Press Ctrl+D at any time to exit the duckdb CLI shell. Enter again with duckdb data/sunpower.db.

Data Visualization with Rill

I followed the Rill Data quickstart to create a local dashboard.

In the UI, I chose duckdb source with this SQL:

select * from read_csv_auto('<path to>/sunpower/data/timeseries/sunpower_timeseries.csv', header = true);

Rill’s local environment apparently uses duckdb out of the box!

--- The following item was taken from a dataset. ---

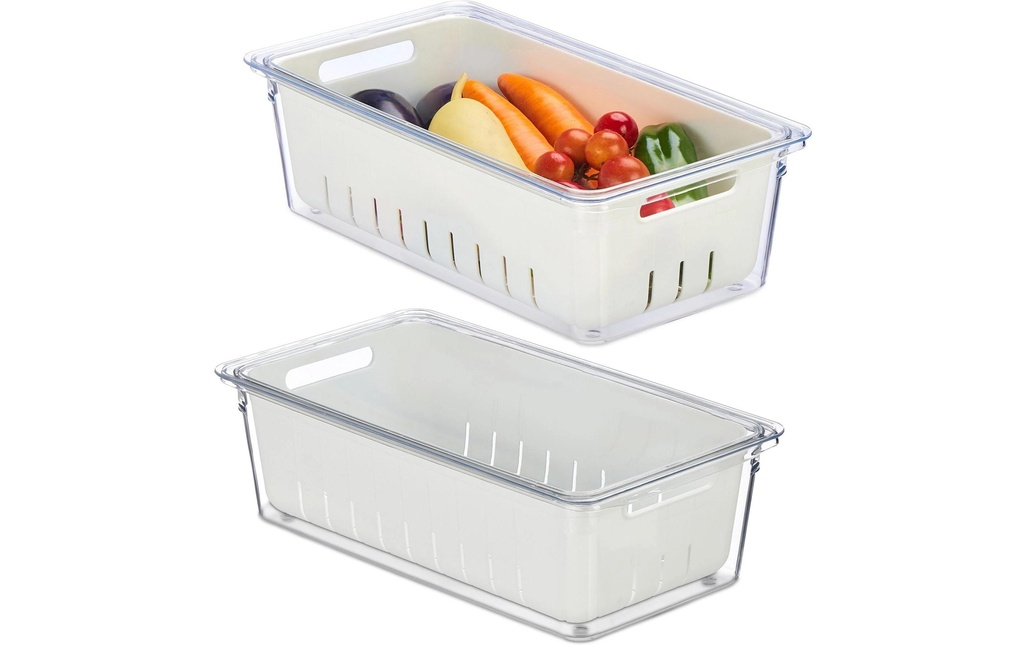 relaxdays Bac organiseur pour réfrigérateur 600 g, 2 pièces, transparent/blanc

After you install the rill CLI, here is the command to start the UI server:

rill start sunpower-viz

And go to http://localhost:9009.

Rill also generated a dashboard using AI, which saved some time getting to a nice dashboard. For example, here is a year over year comparison of the month of January 2024 vs 2023 for total grid usage:

January 2024 (blue) vs 2023 (grey)

A 15% reduction in grid usage year over year!

Next Steps

  • I’d love to hook up Apache Superset, Grafana, or some other data visualization tool to duckdb.
  • Set up orchestrator job to load new data on a schedule (e.g. with Airflow or Prefect)
  • Other ideas?

Real-Time with Materialize.

As an extension, I’ve thought about tapping into the server on my physical PVS6 box as outlined in this cool project to get real-time readings. I could then HTTP POST those readings directly into my Materialize database with the Webhook Source and maintain real-time views over the data.

Full disclosure: Materialize is my employer as of writing.